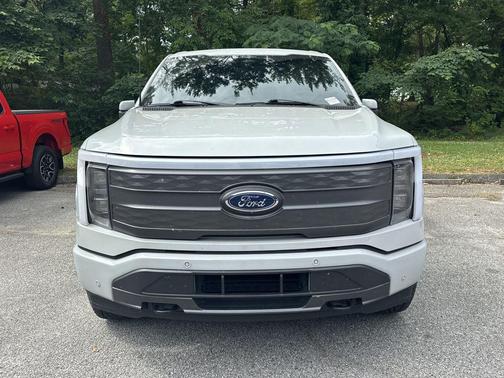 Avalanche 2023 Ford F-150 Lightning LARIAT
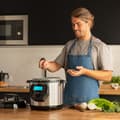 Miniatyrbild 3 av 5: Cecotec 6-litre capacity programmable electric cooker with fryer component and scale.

--------

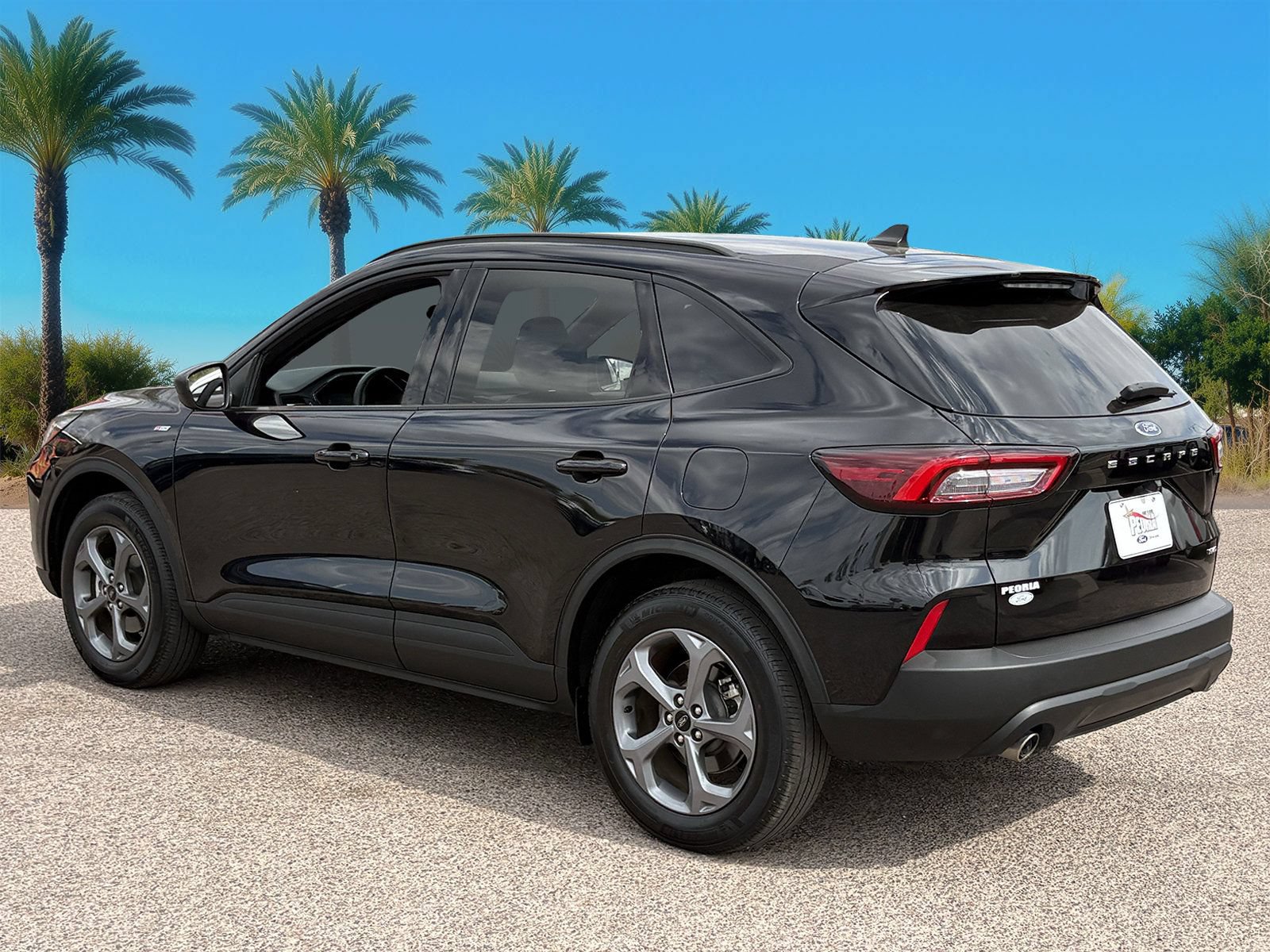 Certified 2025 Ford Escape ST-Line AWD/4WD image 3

--------

**ASSIGNMENT:** Using the entries above, transcribe every line from the line containing "Avalanche 2023 Ford F-150 Lightning LARIAT" through the line containing "Miniatyrbild 3 av". Do not copy pictures.

**REPLY TO THE EXERCISE:**
 Avalanche 2023 Ford F-150 Lightning LARIAT
 Miniatyrbild 3 av 5: Cecotec 6-litre capacity programmable electric cooker with fryer component and scale.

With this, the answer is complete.